» **WHAT NEEDS TO BE DONE**
Take the entries that follow and return exactly the lines from the one holding "Autographed TOM BARRASSO" through the one holding "Sunglass Lover titanium", both included. Nothing else is needed.

» **MATERIAL PROVIDED**
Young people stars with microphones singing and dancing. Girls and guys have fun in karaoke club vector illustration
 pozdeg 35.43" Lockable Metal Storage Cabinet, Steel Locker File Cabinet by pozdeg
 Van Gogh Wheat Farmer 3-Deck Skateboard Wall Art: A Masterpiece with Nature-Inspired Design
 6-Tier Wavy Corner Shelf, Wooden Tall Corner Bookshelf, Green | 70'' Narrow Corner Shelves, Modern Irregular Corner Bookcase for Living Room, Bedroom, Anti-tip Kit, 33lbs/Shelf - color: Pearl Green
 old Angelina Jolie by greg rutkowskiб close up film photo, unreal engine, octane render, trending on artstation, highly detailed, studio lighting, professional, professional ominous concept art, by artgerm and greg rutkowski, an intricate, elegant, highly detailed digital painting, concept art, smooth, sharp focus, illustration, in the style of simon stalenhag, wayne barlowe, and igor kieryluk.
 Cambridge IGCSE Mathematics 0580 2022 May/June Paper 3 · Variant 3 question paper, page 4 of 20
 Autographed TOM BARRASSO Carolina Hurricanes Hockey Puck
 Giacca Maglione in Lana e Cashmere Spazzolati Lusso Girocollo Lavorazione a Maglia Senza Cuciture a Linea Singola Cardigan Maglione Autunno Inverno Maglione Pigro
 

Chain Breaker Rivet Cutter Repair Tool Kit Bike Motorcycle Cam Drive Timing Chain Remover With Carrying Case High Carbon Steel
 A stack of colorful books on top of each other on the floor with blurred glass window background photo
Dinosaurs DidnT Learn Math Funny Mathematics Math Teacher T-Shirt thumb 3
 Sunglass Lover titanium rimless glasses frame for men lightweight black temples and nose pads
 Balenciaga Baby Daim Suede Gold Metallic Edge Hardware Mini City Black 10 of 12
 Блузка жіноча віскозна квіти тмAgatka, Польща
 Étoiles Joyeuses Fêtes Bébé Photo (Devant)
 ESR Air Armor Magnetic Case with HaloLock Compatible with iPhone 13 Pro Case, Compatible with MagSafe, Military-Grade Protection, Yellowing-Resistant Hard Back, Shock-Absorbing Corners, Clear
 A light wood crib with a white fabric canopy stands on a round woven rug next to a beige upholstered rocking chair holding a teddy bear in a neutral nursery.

» **TASK ANSWER**
 Autographed TOM BARRASSO Carolina Hurricanes Hockey Puck
 Giacca Maglione in Lana e Cashmere Spazzolati Lusso Girocollo Lavorazione a Maglia Senza Cuciture a Linea Singola Cardigan Maglione Autunno Inverno Maglione Pigro
 

Chain Breaker Rivet Cutter Repair Tool Kit Bike Motorcycle Cam Drive Timing Chain Remover With Carrying Case High Carbon Steel
 A stack of colorful books on top of each other on the floor with blurred glass window background photo
Dinosaurs DidnT Learn Math Funny Mathematics Math Teacher T-Shirt thumb 3
 Sunglass Lover titanium rimless glasses frame for men lightweight black temples and nose pads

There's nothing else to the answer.